The mechanisms underlying NAFLD pathogenesis are quite complicated and multifactorial. Previously, NAFLD pathogenesis was described by the “two hits” hypothesis.67,68 The first hit explains the accumulation of triglyceride in hepatocytes (i.e. hepatic steatosis) due to insulin resistance, metabolic abnormalities, obesity, and sedentary lifestyle. The second hit describes the development of hepatic fibrosis and liver injury from steatosis. Several triggering factors and cellular conditions have been reported to be involved in the development of fibrosis and liver injury, which include lipid peroxidation, inflammation, drugs, mitochondrial dysfunction, and adipokines (Fig. 1). Recently, NAFLD pathogenesis was explained by the multiple-hit hypothesis.69 According to this hypothesis, the progression of NAFLD-associated liver toxicity and inflammation is accomplished through multiple mechanisms, which include insulin resistance, nutritional factors, gut microbiota, genetic and epigenetic alterations, adipocyte-specific secretion of steroid hormones, cytokine prostaglandins, fatty acids, and cholesterol.70 In this context, insulin resistance promotes hepatic lipogenesis, and impairs adipose tissue lipolysis. This generates the pull of free fatty acid (FFA) flux towards the liver, and causes adipose tissue dysfunction with altered adepokine and cytokine secretion.71 It is noteworthy that 90–95% of patients with NAFLD are associated with simple steatosis, while 5–10% of NAFLD patients arise from NASH, which further lead to cirrhosis and HCC.69

Different stages of pathophysiological conditions, starting from NAFLD to HCC, can be characterized based on the biological and molecular aspect (Panel A). The molecular understanding of multifactorial NAFLD pathogenesis (panel B).
Fig. 1  Different stages of pathophysiological conditions, starting from NAFLD to HCC, can be characterized based on the biological and molecular aspect (Panel A). The molecular understanding of multifactorial NAFLD pathogenesis (panel B).
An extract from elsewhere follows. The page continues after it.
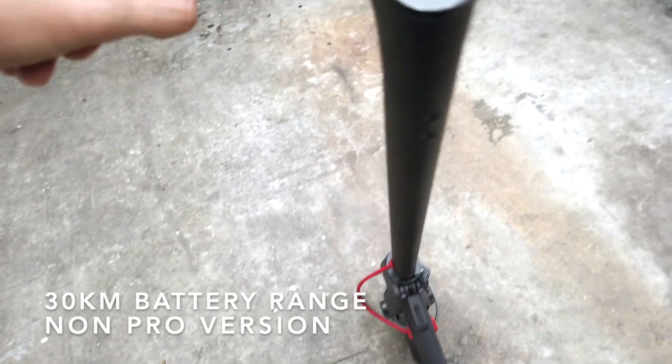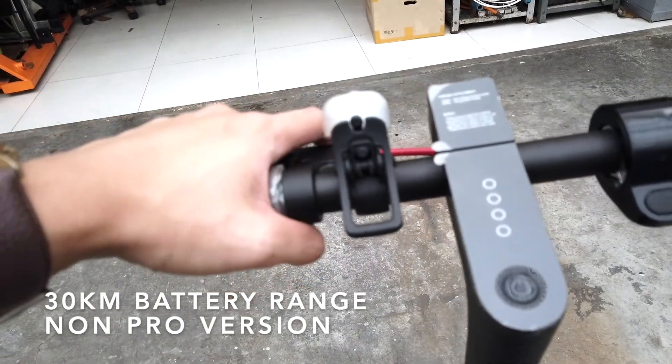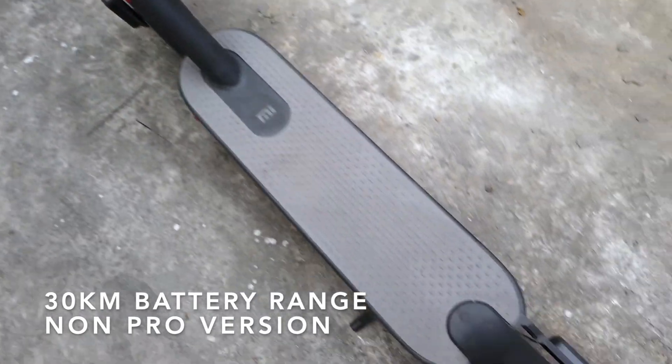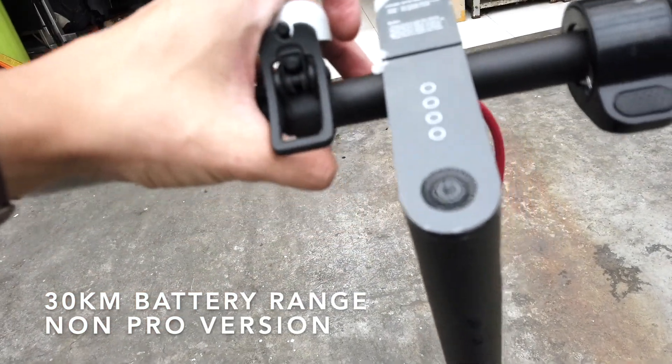This Xiaomi M365 is the non-pro version, meaning it can only go up to 30 to 35 kilometers per hour, while the pro version can go up to 45 kilometers per hour. There is only a 5,000 peso difference between the two.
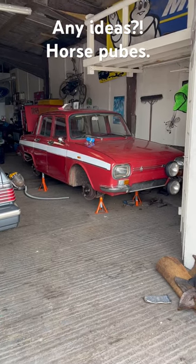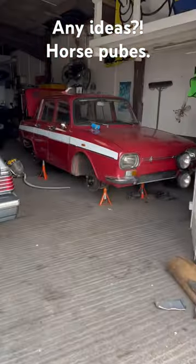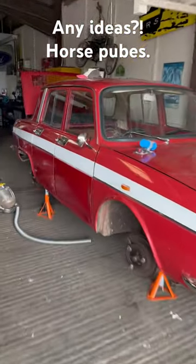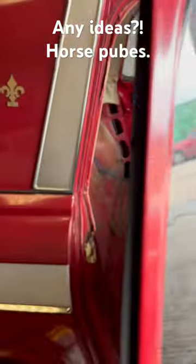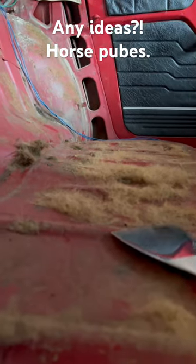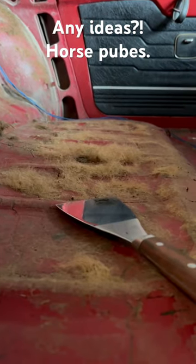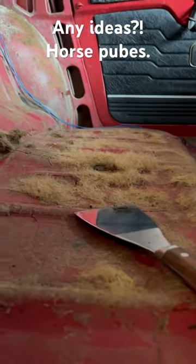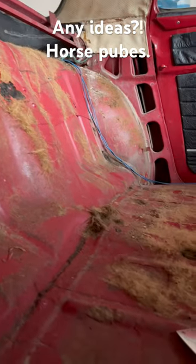1969 Renault 10. The carpets are out. The insulation is out. The weird hairy horse hair stuff at the back is still in. How do I get this out? Do I pull it out? Do I use a scraper? Because I kind of want to shave it. Weird horse pubes.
The progression of NAFLD pathogenesis is multifactorial, in which several molecular pathways are involved. The high FFA flux generated by WATs resulted in the functional modulation of hepatocytes by reducing the β-oxidation, and increasing the Krebs cycle and gluconeogenesis. It causes low ATP production, mitochondrial dysfunction, and ER stress. In this context, the high TG and VLDL signature the pathophysiological state of the disease. Insulin stress mediates the increase in glycogenesis and de novo lipogenesis inside the hepatocyte. The genetic variation of PNPLA3 effects the hepatic TG hydrolyzation. The less biosynthesis of carnitine resulted in the low transportation of fatty acids to the mitochondria for β-oxidation. The high insulin level promoted the SREBP1-c upregulation, and increased the fatty acids in hepatocytes. As the uncoupling of the electron transport chain took place, the superoxide produced by NADPH oxidase induced liver injury. In addition, gut commensal-released products, such as LPS, lactose and ethanol, contributed to the NAFLD pathogenesis. The symbols “↑”, “↓”, and “┴” refer to “high”, “low”, and “inhibition”, respectively. ATP, Adenosine triphosphate; ChREBP, carbohydrate response element binding protein; CPT2, carnitine palmitoyltransferase 2; e, electron; ER, endoplasmic reticulum; FATP, fatty acid-transport protein 1; FFA, free fatty acids; GLUT, glucose transporter; IR, insulin receptor; IRS, insulin receptor substrate; IRS1, Insulin receptor substrate 1; LPS, lipopolysaccharide; LXR, liver X receptor; NADP, nicotinamide adenine dinucleotide phosphate; PNPLA3, patatin-like phospholipase domain-containing protein 3; OCTN2, organic cation transporter; PPARγ, peroxisome proliferator- activated receptor gamma; ROS, reactive oxygen species; SREBP1c, sterol regulatory element binding protein 1; TG, triglyceride; TNFα, tumor necrosis factor alpha; WAT, white adipose tissue; VLDL, very low-density lipoprotein.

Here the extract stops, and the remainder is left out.